What Afghanistan would lose to Persia in the west, it would gain in
the east, as Pakistan's Northwest Frontier tribes would be reunited
with their Afghan brethren (the point of this exercise is not to
draw maps as we would like them but as local populations would
prefer them). Pakistan, another unnatural state, would also lose its
Baluch territory to Free Baluchistan. The remaining "natural"
Pakistan would lie entirely east of the Indus, except for a westward
spur near Karachi.
The city-states of the United Arab Emirates would have a mixed fate
— as they probably will in reality. Some might be incorporated in
the Arab Shia State ringing much of the Persian Gulf (a state more
likely to evolve as a counterbalance to, rather than an ally of,
Persian Iran).
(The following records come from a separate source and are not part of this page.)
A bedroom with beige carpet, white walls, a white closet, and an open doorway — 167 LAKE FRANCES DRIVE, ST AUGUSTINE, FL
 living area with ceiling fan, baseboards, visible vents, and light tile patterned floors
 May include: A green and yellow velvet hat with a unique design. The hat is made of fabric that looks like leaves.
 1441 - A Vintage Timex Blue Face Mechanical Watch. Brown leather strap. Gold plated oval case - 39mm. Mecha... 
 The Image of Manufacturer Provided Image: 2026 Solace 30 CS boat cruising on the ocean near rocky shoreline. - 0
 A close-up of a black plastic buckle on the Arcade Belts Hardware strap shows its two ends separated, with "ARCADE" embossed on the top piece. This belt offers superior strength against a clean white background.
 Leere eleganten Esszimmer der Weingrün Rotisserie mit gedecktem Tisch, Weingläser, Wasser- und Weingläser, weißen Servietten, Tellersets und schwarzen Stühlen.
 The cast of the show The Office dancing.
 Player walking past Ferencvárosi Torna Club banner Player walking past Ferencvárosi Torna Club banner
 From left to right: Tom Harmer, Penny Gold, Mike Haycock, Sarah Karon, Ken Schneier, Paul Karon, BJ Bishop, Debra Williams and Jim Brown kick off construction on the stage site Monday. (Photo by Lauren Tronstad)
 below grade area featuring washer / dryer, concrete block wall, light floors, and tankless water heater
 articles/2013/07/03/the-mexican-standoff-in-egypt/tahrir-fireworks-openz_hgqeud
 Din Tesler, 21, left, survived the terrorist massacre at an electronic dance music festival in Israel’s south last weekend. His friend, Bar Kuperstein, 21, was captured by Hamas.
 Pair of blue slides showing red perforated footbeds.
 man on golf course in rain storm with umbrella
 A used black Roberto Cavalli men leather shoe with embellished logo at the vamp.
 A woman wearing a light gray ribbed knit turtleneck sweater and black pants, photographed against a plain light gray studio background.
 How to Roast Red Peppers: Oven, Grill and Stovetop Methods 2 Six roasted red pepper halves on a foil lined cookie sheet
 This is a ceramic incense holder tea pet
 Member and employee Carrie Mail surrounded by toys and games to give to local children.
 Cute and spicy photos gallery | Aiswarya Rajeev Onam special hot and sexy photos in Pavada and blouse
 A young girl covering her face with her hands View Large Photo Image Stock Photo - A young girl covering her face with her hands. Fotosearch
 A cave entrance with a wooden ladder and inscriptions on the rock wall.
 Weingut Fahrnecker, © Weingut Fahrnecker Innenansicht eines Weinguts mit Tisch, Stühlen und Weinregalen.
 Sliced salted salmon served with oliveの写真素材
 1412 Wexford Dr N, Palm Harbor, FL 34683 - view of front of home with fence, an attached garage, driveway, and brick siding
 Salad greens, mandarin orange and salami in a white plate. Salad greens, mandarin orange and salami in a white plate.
Since all puritanical cultures are hypocritical,
Dubai, of necessity, would be allowed to retain its playground
status for rich debauchees. Kuwait would remain within its current
borders, as would Oman.
In each case, this hypothetical redrawing of boundaries reflects
ethnic affinities and religious communalism — in some cases, both.
Of course, if we could wave a magic wand and amend the borders under
discussion, we would certainly prefer to do so selectively. Yet,
studying the revised map, in contrast to the map illustrating
today's boundaries, offers some sense of the great wrongs borders
drawn by Frenchmen and Englishmen in the 20th century did to a
region struggling to emerge from the humiliations and defeats of the
19th century.
Correcting borders to reflect the will of the people may be
impossible. For now. But given time — and the inevitable attendant
bloodshed — new and natural borders will emerge. Babylon has fallen
more than once.
Meanwhile, our men and women in uniform will continue to fight for
security from terrorism, for the prospect of democracy and for
access to oil supplies in a region that is destined to fight itself.
The current human divisions and forced unions between Ankara and
Karachi, taken together with the region's self-inflicted woes, form
as perfect a breeding ground for religious extremism, a culture of
blame and the recruitment of terrorists as anyone could design.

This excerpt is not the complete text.